CKD is classified a hazardous material only because it contains lime, which can cause burns to the skin.

Assembly planning inspector Clive Nield claimed that public concerns over cancer-causing chemicals could be discounted in such cases.

He said: 'Concentration of dioxins and furans expected to occur in CKD are minute.

They would be no higher than levels that occur naturally in soils.

'I conclude there would be no risk to health in respect of the escape of dioxins and furans.'

Costs for the public enquiry will be picked up by the council, a move which has angered some local residents, but Castle Cement welcomed the news.

A spokesman said: 'It is fantastic news all around. It is the right decision both in terms of safety and the environment and although there have been a few people against it the decision to allow us to bury CKD is the most sensible one and lots of people see it as that.'

CKD is the only by-product of the new kiln and will be processed on site by mixing it with water and pressing it into 'cakes'.
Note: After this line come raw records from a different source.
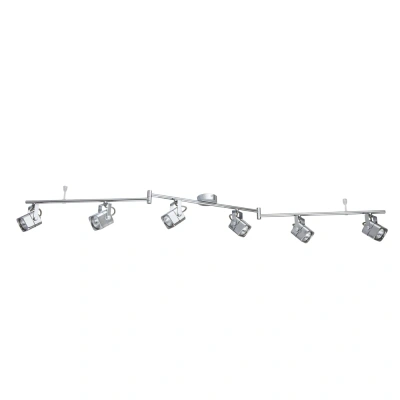 Спот Arte Lamp LENTE A1314PL-6CC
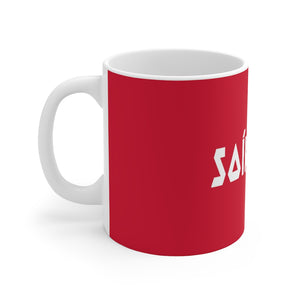 SOÍREMAÍN - RED MUG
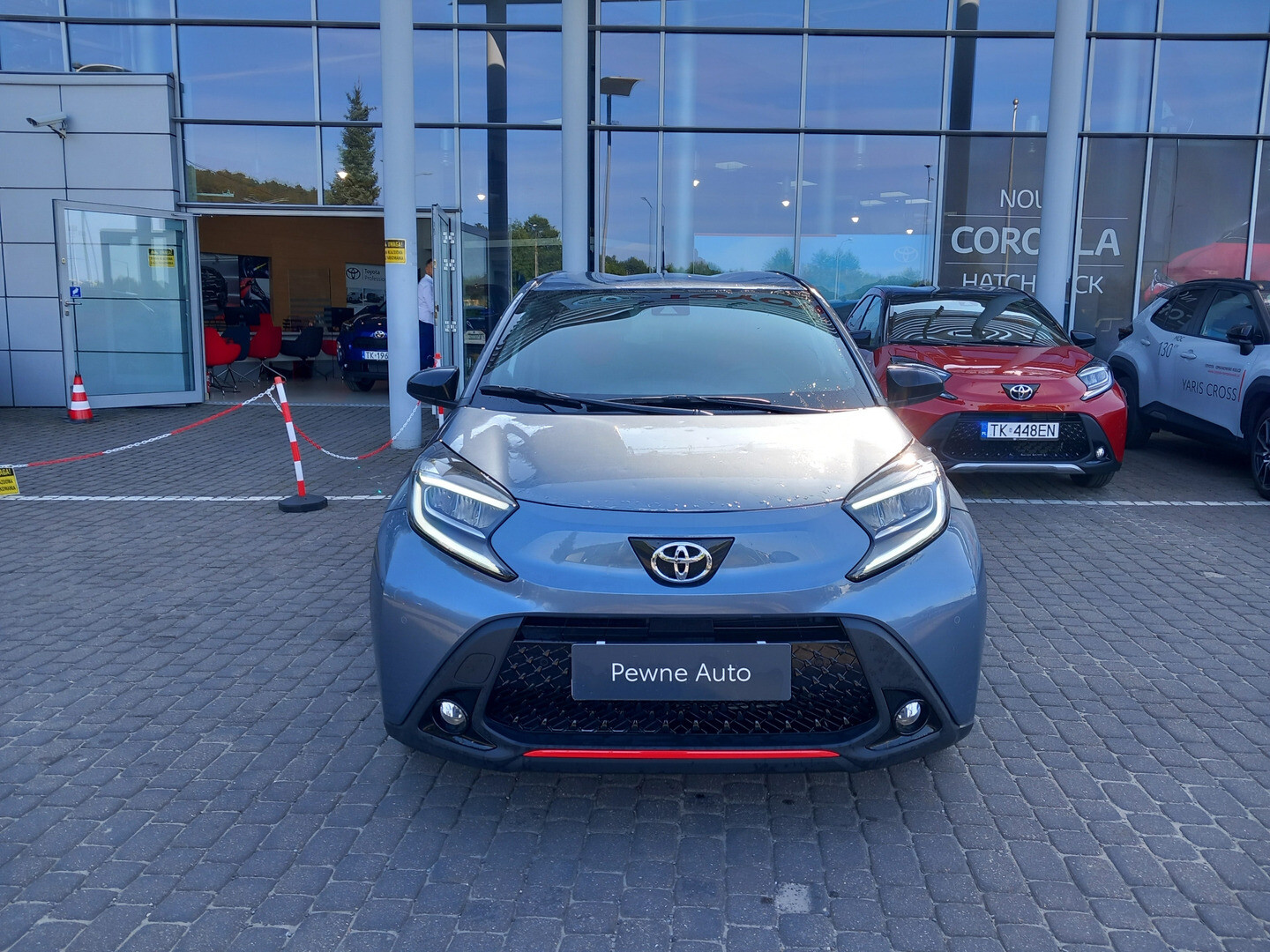 Toyota Aygo X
These cakes will then be buried in a sealed pit alongside the kiln at the plant.

The new plant will produce 7,500 tonnes of dust a year.

To produce the CKD cakes, dust is mixed with water at a ratio of 5:1. As much as 9,000 tonnes of waste material will be buried in this way at the site each year.

The company plans to landscape the 12-acre site as an area of naturally evolving grassland and woodland.